Em 1990, a cada mil crianças nascidas, 25 morriam ainda recém-nascidas, antes de completar 28 dias de vida. Em 2024, o número caiu para sete a cada mil. O mesmo aconteceu com a probabilidade de morrer antes dos cinco anos de idade. No Brasil, em 1990, a cada mil crianças que nasciam, 63 faleciam antes do quinto aniversário. Nos anos 2000, a taxa caiu para 34 a cada mil e, em 2024, chegou a 14,2 mortes.
Entre
as políticas públicas citadas para este resultado, está o Programa Saúde da
Família, o Programa de Agentes Comunitários de Saúde, a Política Nacional de
Atenção Básica e a expansão da rede pública de saúde. Juntas, essas iniciativas
que ajudaram a promover a saúde de mães, bebês e crianças desde os anos 1990 e
foram operacionalizadas com o apoio da sociedade brasileira e de organizações
internacionais, como o próprio Unicef.
“Estamos
falando de milhares de bebês e crianças que não sobreviveriam, e hoje podem
crescer, se desenvolver com saúde e chegar até a vida adulta”, explica Luciana
Phebo, chefe de Saúde e Nutrição do Unicef no Brasil. “E essa mudança foi
possível porque o Brasil escolheu investir em políticas que funcionam, como a
vacinação e o incentivo à amamentação. Agora, precisamos voltar a acelerar
esses esforços, mantendo e ampliando os avanços históricos das últimas décadas
e alcançando aqueles nos quais essas políticas ainda não chegam como deveriam”,
enfatiza.
Apesar
dos avanços, o Brasil também viu uma desaceleração na queda da mortalidade de
crianças na última década, em linha com a tendência global. Entre 2000 e 2009,
por exemplo, o país diminuía a mortalidade de recém-nascidos em 4,9%, todos os
anos. Já entre 2010 e 2024, a redução passou a ser de 3,16% ao ano. O
levantamento mostra que as mortes de crianças menores de cinco anos no mundo
caíram em mais da metade, globalmente, desde 2000, mas desde 2015, há pouco
mais de uma década, o ritmo de redução da mortalidade infantil desacelerou mais
de 60%.
ADOLESCENTES
E JOVENS
O
relatório da ONU sobre mortalidade também revela que aproximadamente 2,1
milhões de crianças, adolescentes e jovens entre cinco e 24 anos morreram em
2024 no planeta.
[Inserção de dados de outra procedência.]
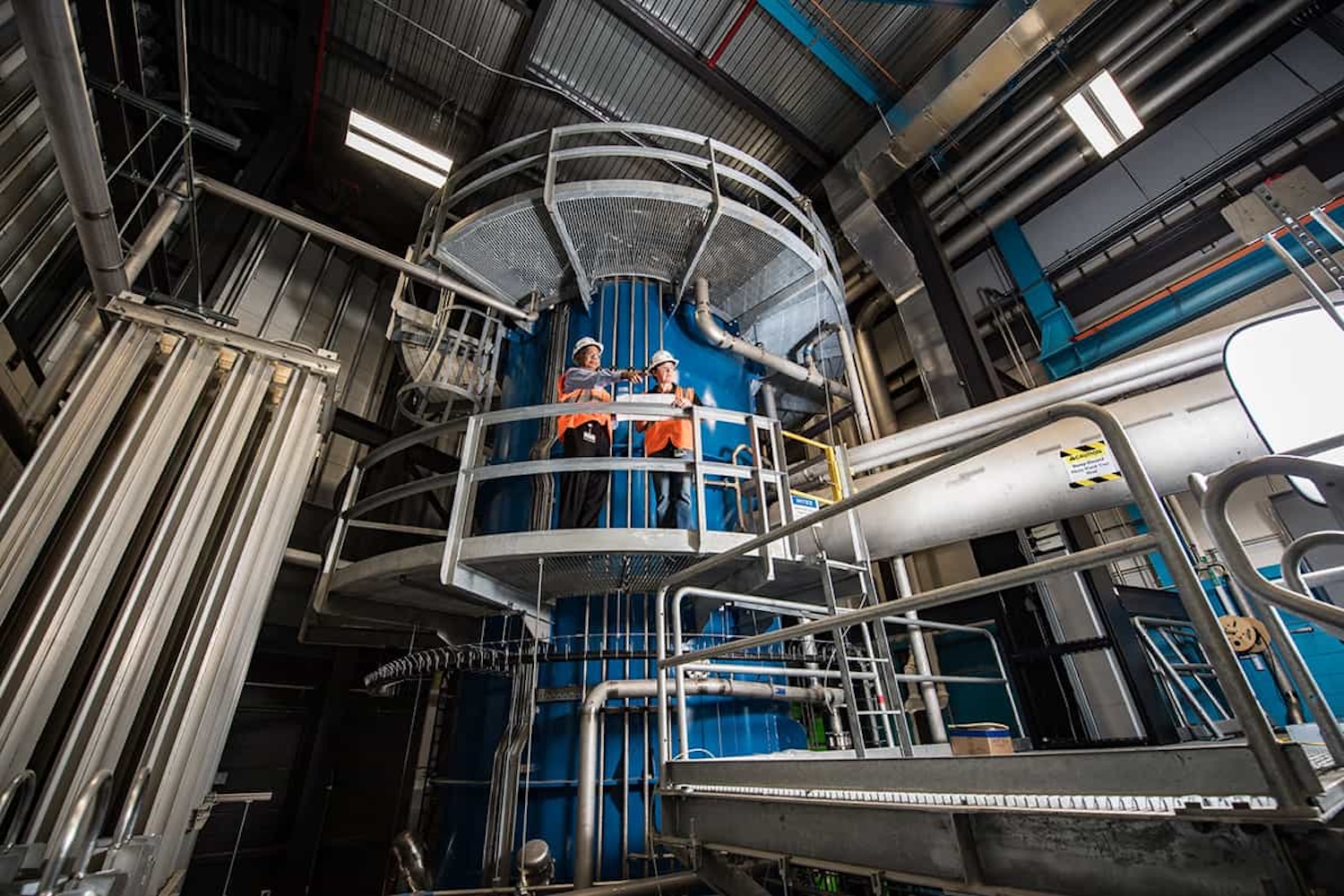 Interior of the Facility for Rare Isotope Beams at Michigan State University, showing workers on an elevated platform surrounded by large blue accelerator equipment, metal railings, pipes, cables, and industrial infrastructure.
No Brasil, no mesmo ano, a violência foi responsável por quase
metade (49%) das mortes de meninos de 15 a 19 anos, com doenças não
transmissíveis ocupando o segundo lugar (18%). Acidentes de trânsito foram a
terceira causa mais comum (14% das mortes). Entre meninas na mesma faixa
etária, doenças não transmissíveis foram a principal causa de morte (37%),
seguidas por doenças transmissíveis (17%), pela violência (12%) e pelo suicídio
(10%).
RECOMENDAÇÕES
Citando apontamentos do relatório, o Unicef reforça que as evidências mostram que investimentos em saúde infantil estão entre as medidas de desenvolvimento com melhor custo efetivo. Intervenções comprovadas e de baixo custo, como vacinas, tratamento da desnutrição e profissionais de saúde qualificados na gestação, parto e pós-parto, dão alguns dos maiores retornos em saúde global, aumentando a produtividade, fortalecendo economias e reduzindo gastos públicos futuros. Cada US$ 1 investido na sobrevivência infantil pode gerar até US$ 20 em benefícios sociais e econômicos, aponta a entidade.
O relatório global foi feito pelo Grupo Interagencial das Organizações Nações Unidas (ONU) para Estimativas de Mortalidade Infantil (UN IGME), em parceria com Banco Mundial, Organização Mundial da Saúde (ONU) e Departamento Assuntos Econômicos e Sociais (Desa/ONU). Fonte: Salvador Notícias.